Dataset content:
-------

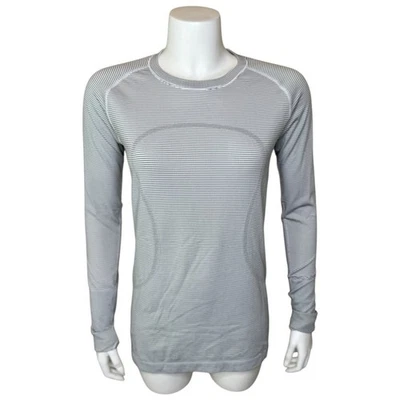 Lululemon Hawaiiin Islands Swiftly Tech Manga Larga Crew 10 Blanco Negro RARO Foto 1 de 4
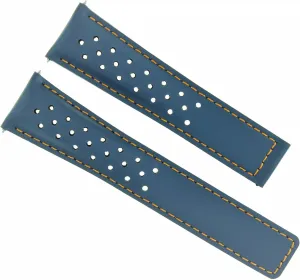 Heuer Carrera Blue With Orange Stitching Perforated Ewatchparts Leather Watch Band Strap Smooth Clasp fastidious disturbance parrot unnoticed 19mm Compatible With Tag 
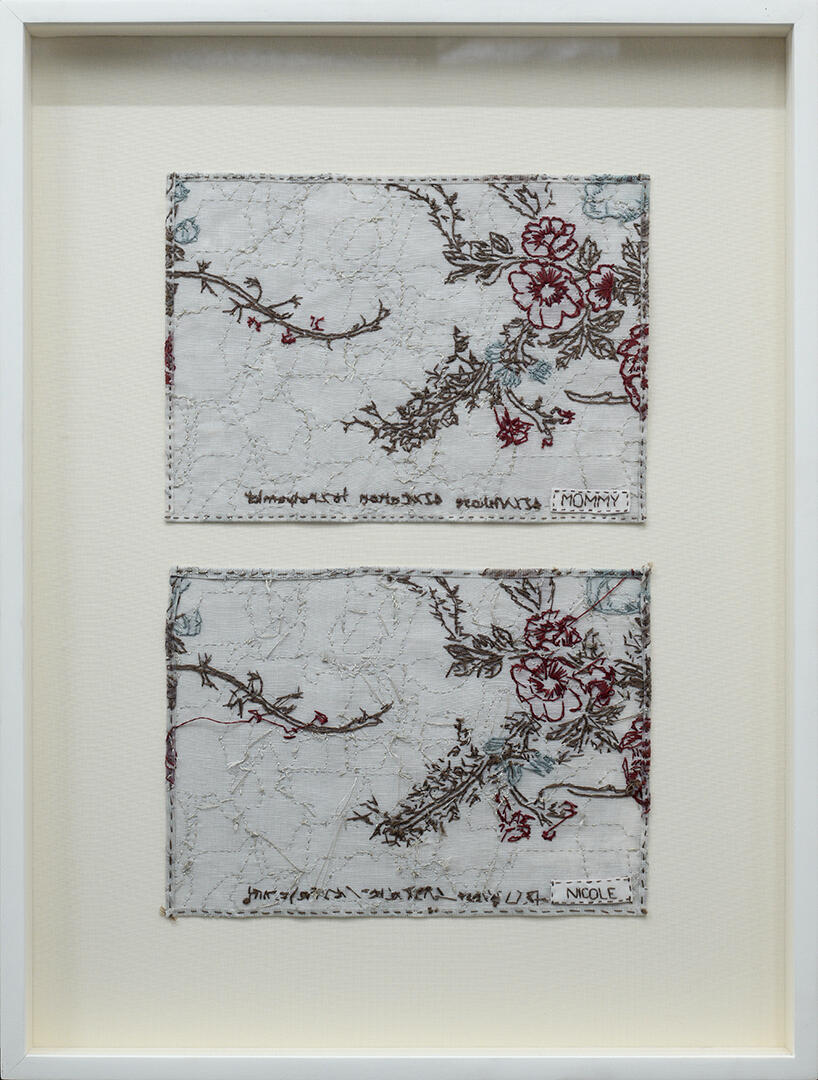 Mommy and Me - Thread and photo transfer on linen collaboration with artist_s mother - 22.5 x 17 inches (FS) - 2018 for "Home Making", West Gallery (photo courtesy of West Gallery)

-------

What you have to do:
Please restate the material above line by line, exactly, beginning at its first line and ending with the line that contains "Heuer Carrera Blue", without any pictures.

Task answer:
 Lululemon Hawaiiin Islands Swiftly Tech Manga Larga Crew 10 Blanco Negro RARO Foto 1 de 4
 Heuer Carrera Blue With Orange Stitching Perforated Ewatchparts Leather Watch Band Strap Smooth Clasp fastidious disturbance parrot unnoticed 19mm Compatible With Tag 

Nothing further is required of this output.